• Provided data:
=======
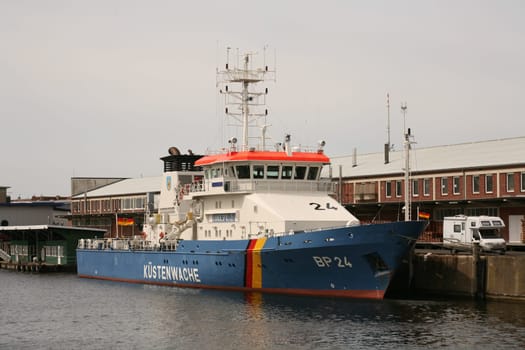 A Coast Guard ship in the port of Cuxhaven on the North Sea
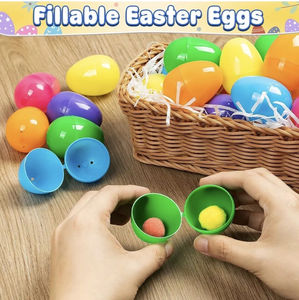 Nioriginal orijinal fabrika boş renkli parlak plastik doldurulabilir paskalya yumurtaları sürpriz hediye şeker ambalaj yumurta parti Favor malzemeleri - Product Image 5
=======
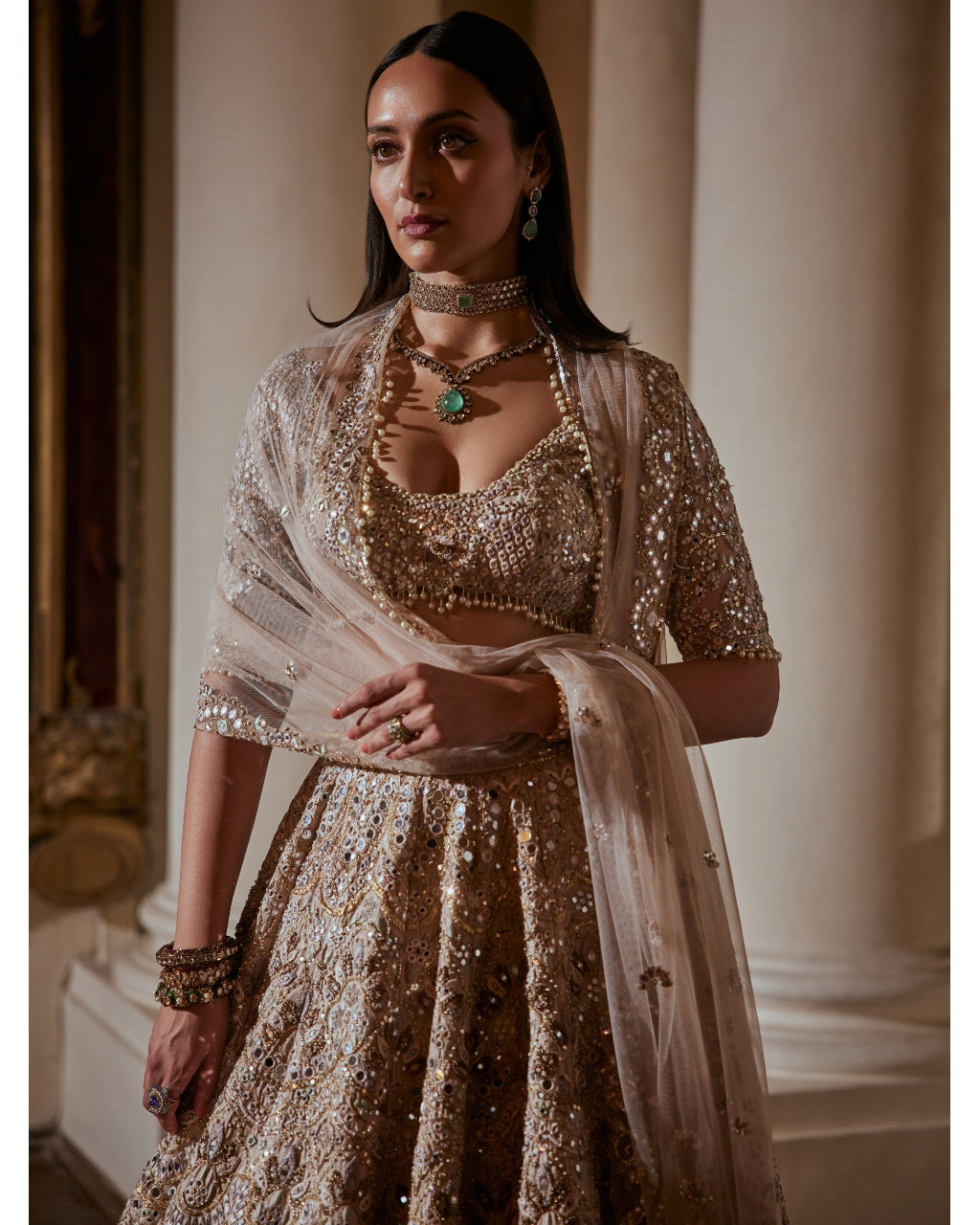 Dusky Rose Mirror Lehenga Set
=======
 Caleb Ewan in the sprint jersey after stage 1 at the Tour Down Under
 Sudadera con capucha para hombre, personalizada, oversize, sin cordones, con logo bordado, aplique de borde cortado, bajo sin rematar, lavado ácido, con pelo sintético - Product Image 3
=======
• Assignment: Restate word for word every line from the one with "A Coast Guard" up to and including the one with "Nioriginal orijinal fabrika" in the records above, minus the pictures.

• Exercise solution:
 A Coast Guard ship in the port of Cuxhaven on the North Sea
 Nioriginal orijinal fabrika boş renkli parlak plastik doldurulabilir paskalya yumurtaları sürpriz hediye şeker ambalaj yumurta parti Favor malzemeleri - Product Image 5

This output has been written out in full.